What reminded me of this decision was an upcoming CLE on September 12th entitled, “Disclosure of Cybersecurity Risk: What You Need to Do and Say About It” Amy C. Seidel (Faegre Baker Daniels LLP) will talk about the new guidance from the SEC Division of Corporation Finance regarding company disclosures of cybersecurity risk. In the presentation, Amy will suggest what attorneys should consider to be certain that clients are in compliance. Topics include: What the SEC guidance requires companies to disclose about cybersecurity risk; procedures companies are following to assess cybersecurity risk; the kinds of disclosures companies are including in SEC reports about cybersecurity risk; and what the SEC saying about cybersecurity risk in comment letters.

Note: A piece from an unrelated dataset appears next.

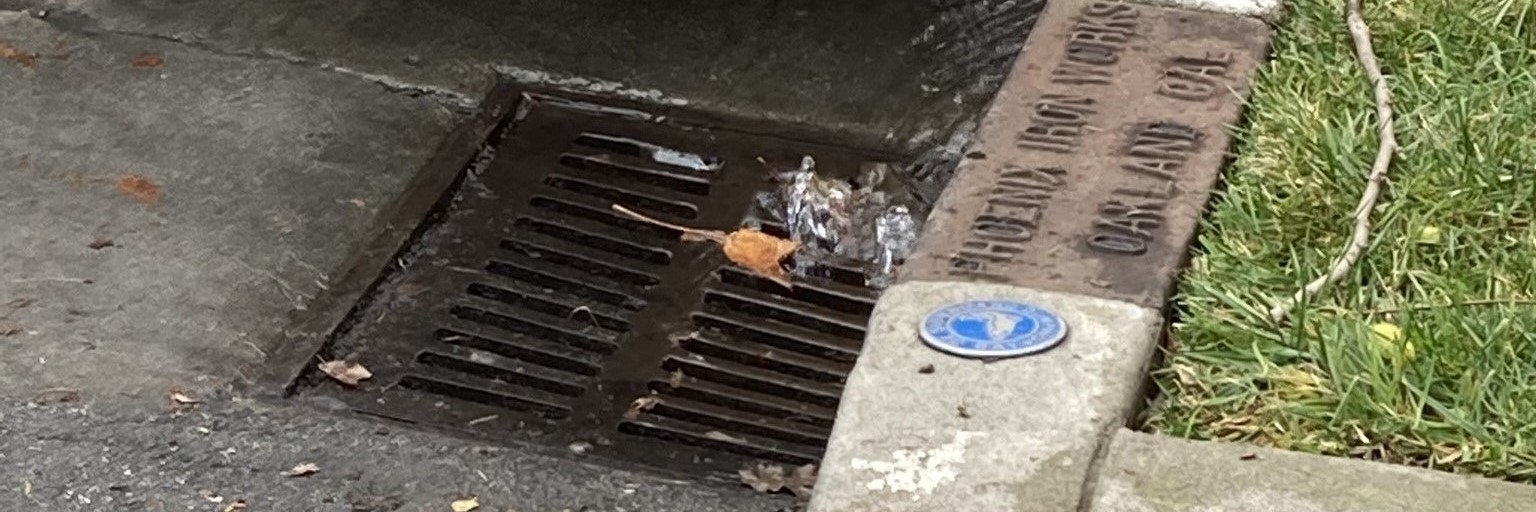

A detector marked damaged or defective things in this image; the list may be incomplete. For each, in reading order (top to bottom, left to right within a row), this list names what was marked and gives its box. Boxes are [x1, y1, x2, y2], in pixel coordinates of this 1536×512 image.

rust stain [115, 172, 162, 202] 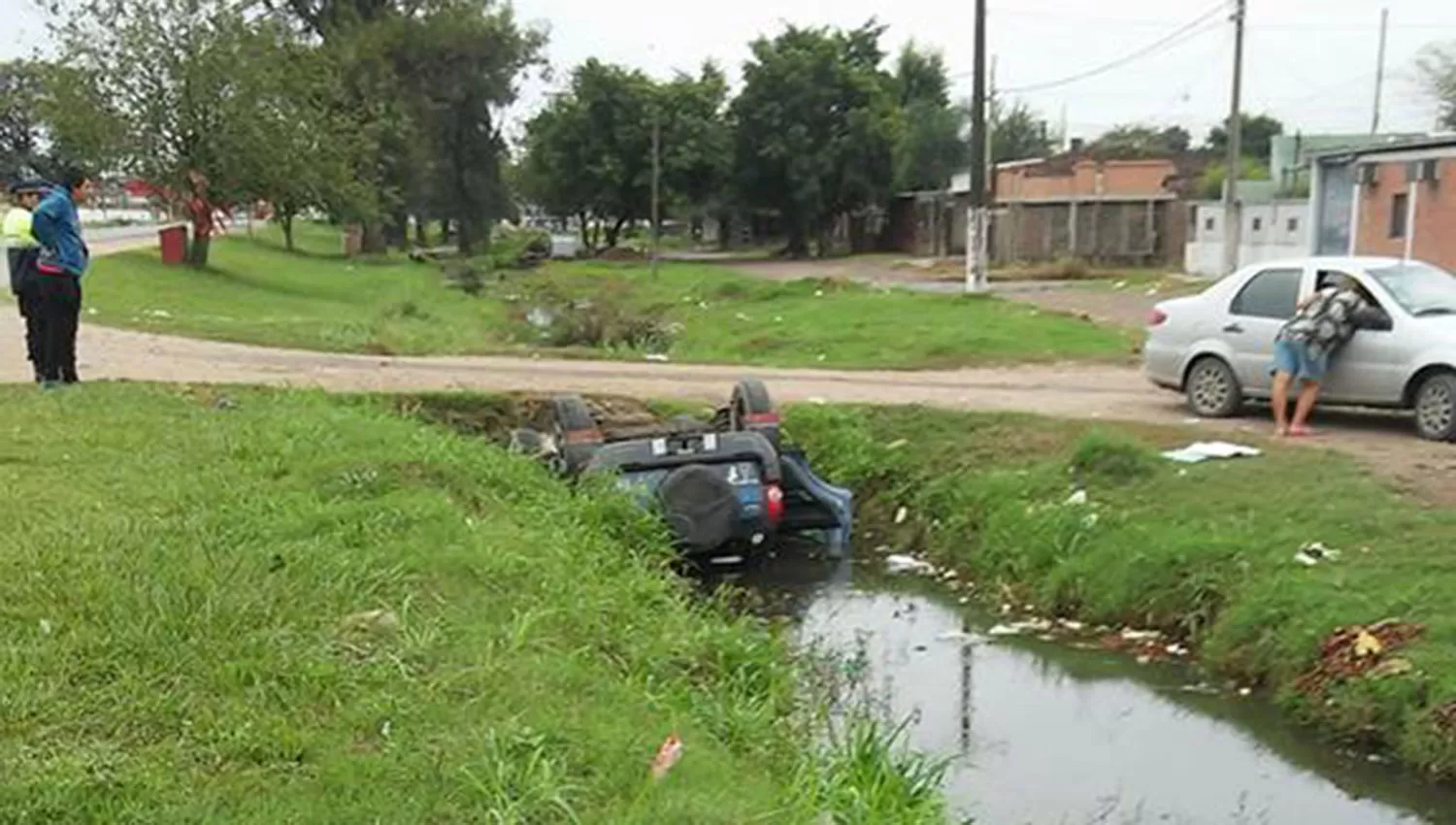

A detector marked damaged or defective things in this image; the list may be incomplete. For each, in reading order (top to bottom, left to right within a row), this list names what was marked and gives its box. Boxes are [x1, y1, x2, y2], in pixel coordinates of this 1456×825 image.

Indeed, I’ve noticed an increasing volume of posts in the MSBA listservs in the recent year regarding fraud and attempted or successful fraudulent transfers of funds. In fact, one listserv member contacted me when it was discovered that someone has hacked into a Hotmail account and was sending requests to a personal banker to transfer funds out of the country.  Fortunately, the banker was astute enough to recognize that the requests were abnormal for the client, and she sought voice verification.  There was another recent post seeking referrals for a cause of action regarding the same.  And I may also recall a recent post about a pending claim by a lawfirm that was duped by a phishing scam or something of the sort, and had initiated a suit against on the basis of the same.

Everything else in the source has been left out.